Digital payment transactions surged 24% globally to $15.3 trillion in 2024, propelled by mobile wallet adoption and central bank digital currencies across emerging economies.

Record Growth in Digital Transactions

World Bank data released on 10 December 2024 reveals unprecedented expansion in digital payments, with emerging economies driving the 24% year-over-year increase to $15.3 trillion. Mobile wallet adoption grew 35% across developing nations, while central bank digital currencies (CBDCs) accelerated financial inclusion initiatives from Africa to Southeast Asia.

Regional Payment Systems Dominate

Nigeria’s eNaira transactions spiked 78% in Q4 after the government mandated salary payments through the CBDC. India’s Unified Payments Interface processed 12 billion transactions in November alone – a 58% annual increase fueled by small merchant adoption. Brazil’s Pix system now handles 45% of non-cash transactions nationwide, forcing traditional banks to eliminate transfer fees.

Cross-Border CBDC Experiments Advance

Thailand and Malaysia announced joint CBDC trials targeting $3.2 billion in annual remittances between the nations. ‘These interoperability experiments challenge dollar-dominated payment rails,’ stated World Bank fintech lead Marcos Martinez in the report. The initiative follows similar regional testing across Southeast Asia seeking cheaper alternatives to correspondent banking.

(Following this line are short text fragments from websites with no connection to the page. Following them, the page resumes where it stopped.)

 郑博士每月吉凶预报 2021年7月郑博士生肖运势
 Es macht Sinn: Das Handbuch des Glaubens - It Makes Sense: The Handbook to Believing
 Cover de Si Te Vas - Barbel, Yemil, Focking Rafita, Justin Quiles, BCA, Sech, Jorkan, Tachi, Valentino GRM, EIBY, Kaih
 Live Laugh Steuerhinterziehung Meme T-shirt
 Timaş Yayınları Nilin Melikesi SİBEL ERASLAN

Security Challenges Emerge

Rapid scaling exposed cybersecurity vulnerabilities in real-time payment infrastructures. Southeast Asia recorded a 22% quarterly increase in payment scams, prompting Visa to deploy new AI fraud-detection systems for mobile wallets. ‘Security infrastructure hasn’t kept pace with transaction growth,’ noted cybersecurity specialist Priya Desai in Bloomberg’s coverage of the report.

This payment revolution builds upon mobile money foundations laid in East Africa during the 2010s, when services like M-Pesa first demonstrated how telecom networks could bypass traditional banking infrastructure. Similarly, China’s Alipay and WeChat Pay transformed commerce by embedding payments within social platforms, achieving penetration rates that traditional banks took decades to reach.

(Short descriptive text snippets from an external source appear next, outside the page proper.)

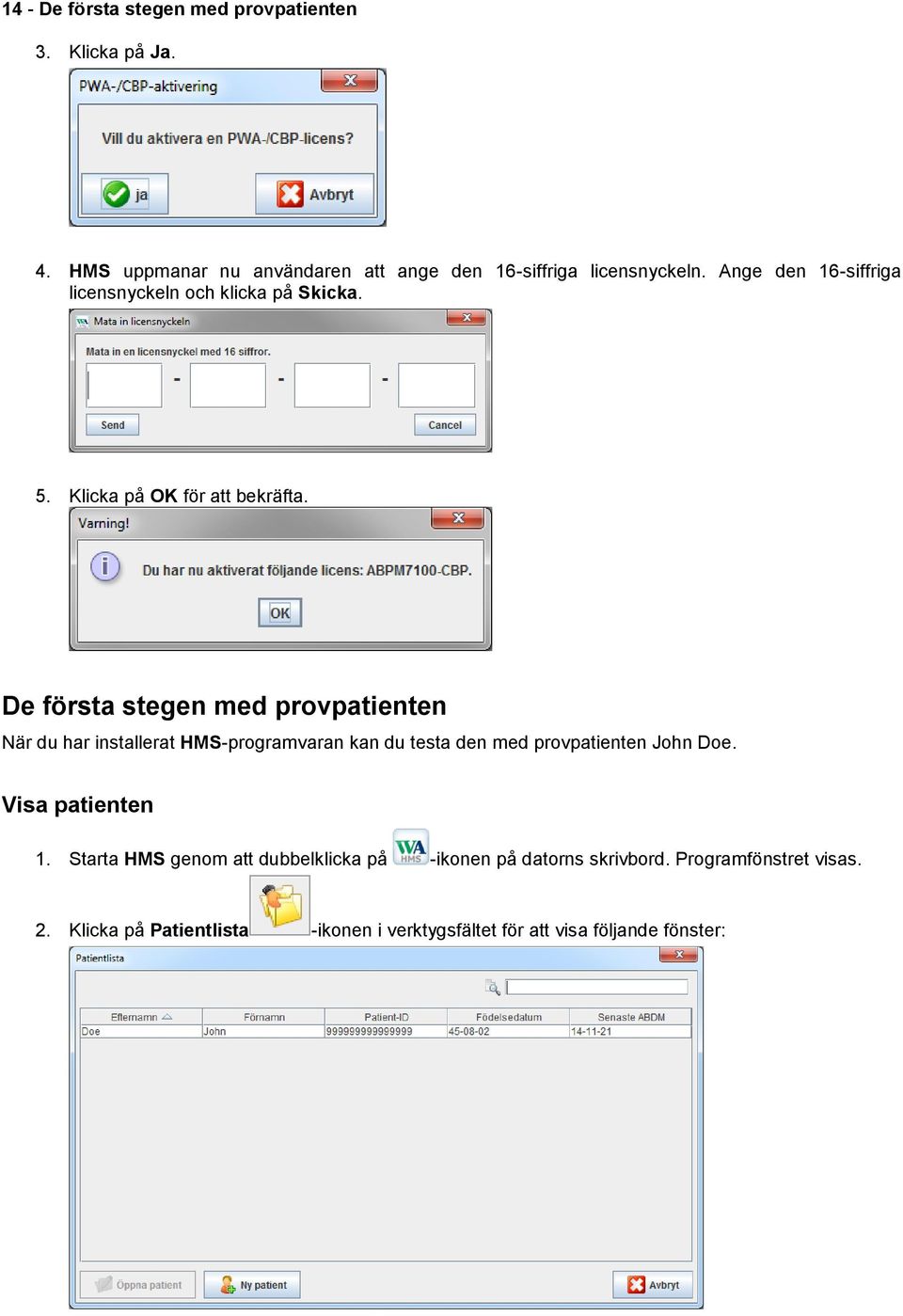 De första stegen med provpatienten När du har installerat HMS-programvaran kan du testa den med provpatienten John Doe.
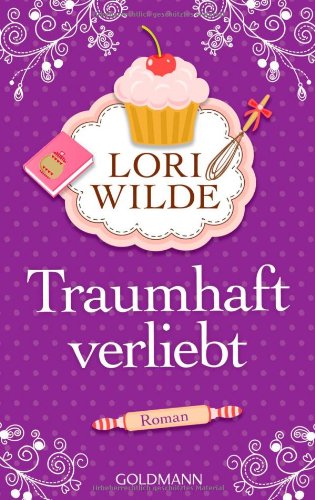 Traumhaft verliebt (9783442476763) by Lori Wilde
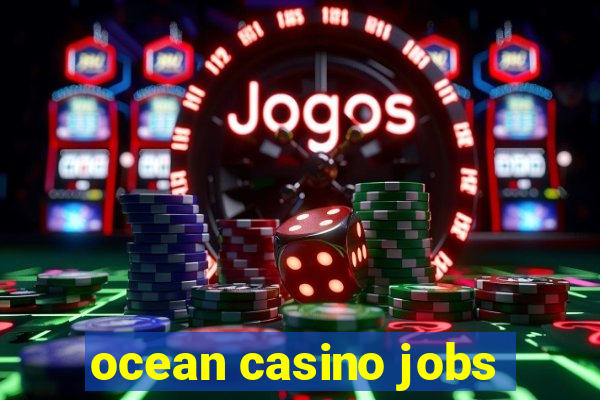 ocean casino jobs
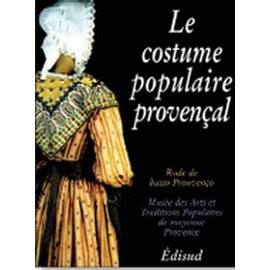 Le Costume Populaire Proven Al Art Et Culture Rakuten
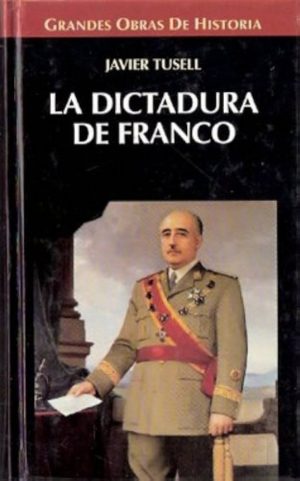 La dictadura de Franco Tusell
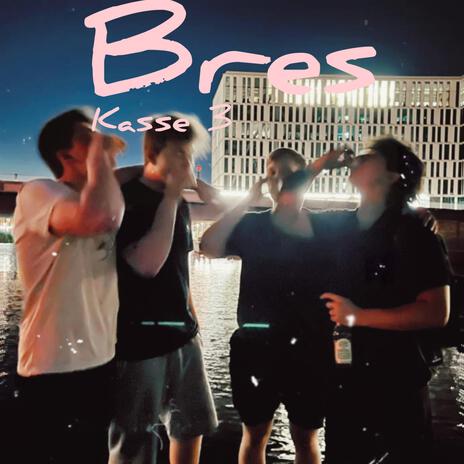 bres | Boomplay Music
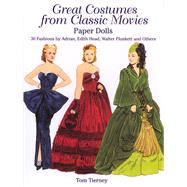 Great Costumes from Classic Movies Paper Dolls 30 Fashions by Adrian, Edith Head, Walter Plunkett and Others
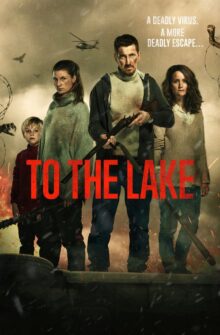 To the Lake dizi izle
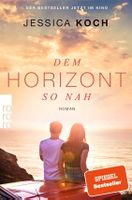 DEM HORIZONT SO NAH - JESSICA KOCH - TASCHENBUCH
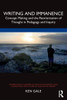 Writing and Immanence (International Congress of Qualitative Inquiry (ICQI) Foundations and Futures in Qualitative Inquiry)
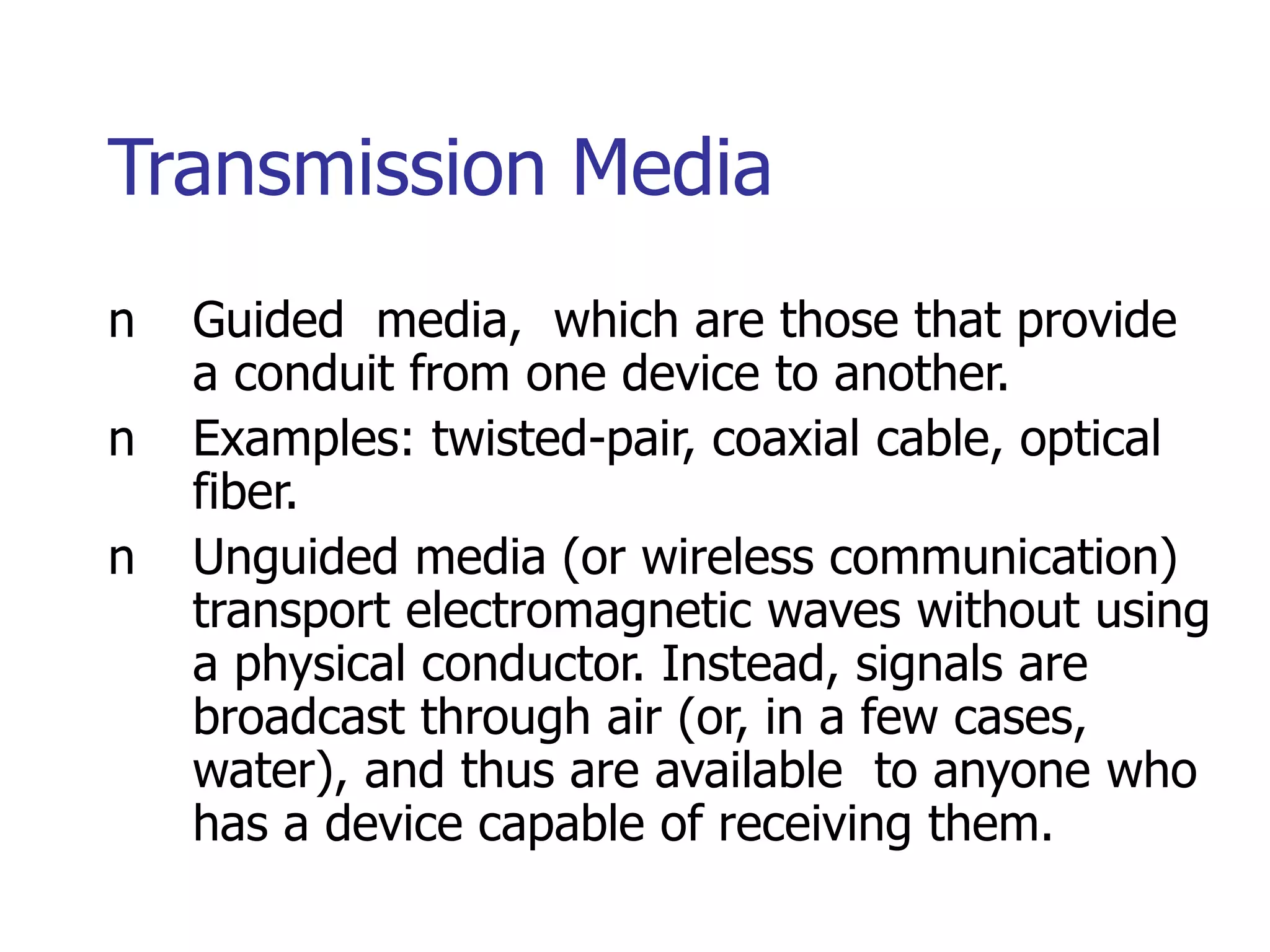 Transmission Media
n Guided media, which are those that provide
a conduit from one device to another.
n Examples: twisted-pair, coaxial cable, optical
fiber.
n Unguided media (or wireless communication)
transport electromagnetic waves without using
a physical conductor. Instead, signals are
broadcast through air (or, in a few cases,
water), and thus are available to anyone who
has a device capable of receiving them.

The current CBDC wave represents a strategic evolution beyond those pioneering systems, positioning national currencies at the forefront of digital finance. As witnessed in Nigeria’s eNaira mandate, these government-backed digital currencies are becoming instruments of monetary policy and financial sovereignty – potentially reducing emerging markets’ dependence on Western payment networks and dollar clearing systems that have dominated global finance since the Bretton Woods agreement.